Adaptations to climate change may be categorized as either "autonomous" adaptations-where biota and ecosystems respond and change of their own accord-or "planned" or "conscious" adaptations, undertaken by humans. The primary option for conscious adaptation measures in respect to near-natural ecosystems is land-use management. This includes modification of land clearing, forestry practices, fire management, rangeland animal stocking rates, pest animal management, control of herbaceous and woody weeds, development of corridors for species migration, resting and rehabilitating degraded areas, and the consideration of climate change in management plans for urban, coastal, catchment, and other zones. Implementation of riparian (riverside) management practices and selective planting of upslope source areas would mitigate many of the adverse impacts of land development and hydrological changes on water quality and habitat values of streams, rivers, and ultimately lake and estuarine habitats. Active manipulation of species generally will not be feasible in the region's extensive, lightly managed, natural ecosystems, though in some circumstances-such as for endangered or commercially important species-relocation to new and more suitable habitats may be desirable and feasible.

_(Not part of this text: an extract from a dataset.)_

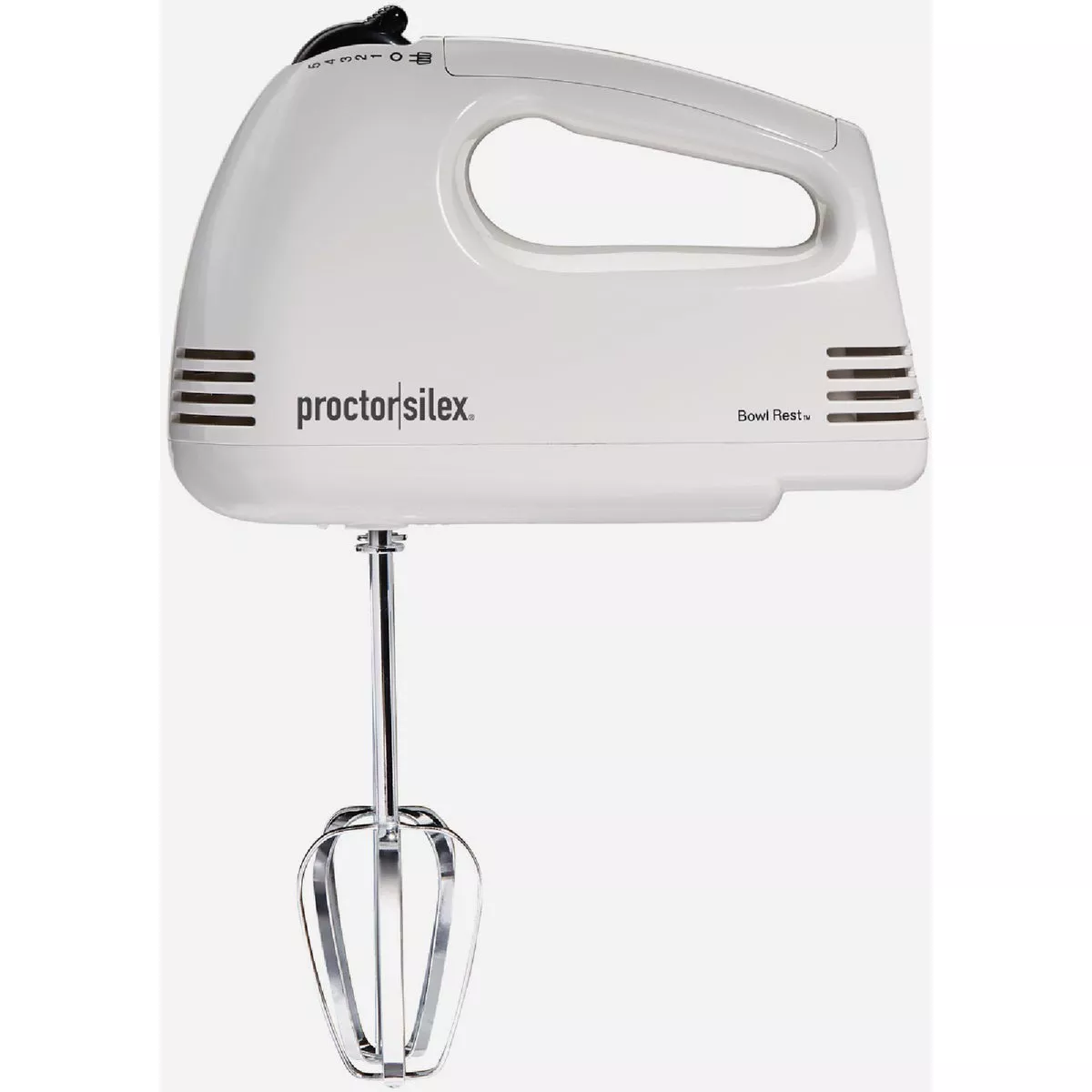 Proctor Silex Easy Mix 5-Speed White Hand Mixer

Continued research on natural ecosystems also is a necessary, integral part of adaptation responses. In many instances, our knowledge is insufficient to provide the guidance sought by managers and policymakers. Routine climatic, environmental, and ecological monitoring and prediction also are necessary.
In summary, it must be concluded that some of the region's species and ecosystems are rather vulnerable to climate change because of the likely continued increase of greenhouse gases; the likely rate of climate change; the fundamental nature of likely changes to biota and ecosystems; the large proportion of Australasia affected; the ecological isolation and fragmentation of ecosystems of the region; existing environmental stresses; and the limited available options for conscious adaptation.

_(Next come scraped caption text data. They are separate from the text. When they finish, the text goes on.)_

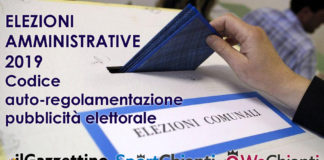 Pubblicità elettorale amministrative 2019: le modalità previste su SportChianti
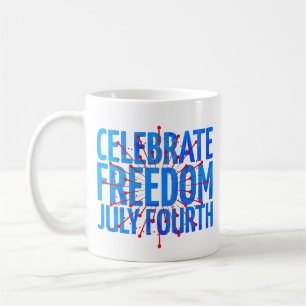Café Caneca Clássica Celebre a Liberdade Quatro de Julh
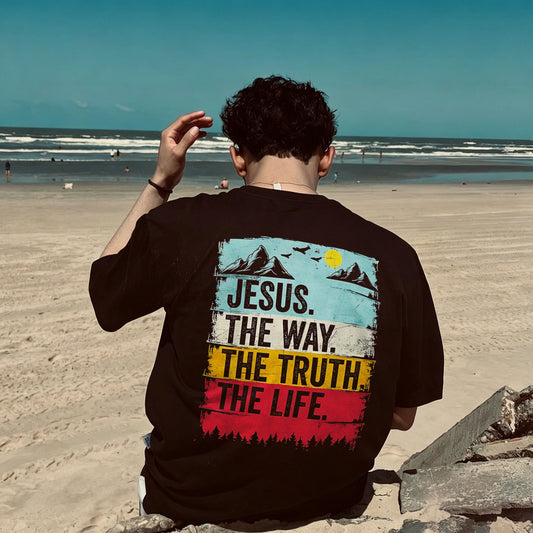 Jesus. The Way. The Truth. The Life. Printed Men's T-shirt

Summary: The four hydrological situations of most concern to the region are drought-prone areas, flood-prone urban areas, low-lying islands, and alpine snowfields. Model simulations suggest changes of as much as ±20% in soil moisture and runoff in Australia by 2030, with considerable variation from place to place and season to season and with the possibility of an overall reduction in average runoff. Water shortages would sharpen competition among various uses of water, especially where large diversions are made for economic purposes. One study shows Australia's major Murray-Darling River system facing constraints on existing irrigation uses and/or harm to the riverine environment. More frequent high-rainfall events would enhance groundwater recharge and dam-filling events but also would increase the impacts of flooding, landslides, and erosion. A preliminary study for an urban area near Sydney showed a tenfold increase in the potential damage of the "100-year" flood under a doubled CO2 scenario. Water supplies on atolls and low-lying islands are vulnerable to saltwater intrusion of groundwater from rising sea levels and to possible rainfall reductions. Reduced snow amounts and a shorter snow season appear likely and would decrease the amenity value of the mountains and the viability of the ski industry. The glaciers of New Zealand's Southern Alps are likely to shrink further.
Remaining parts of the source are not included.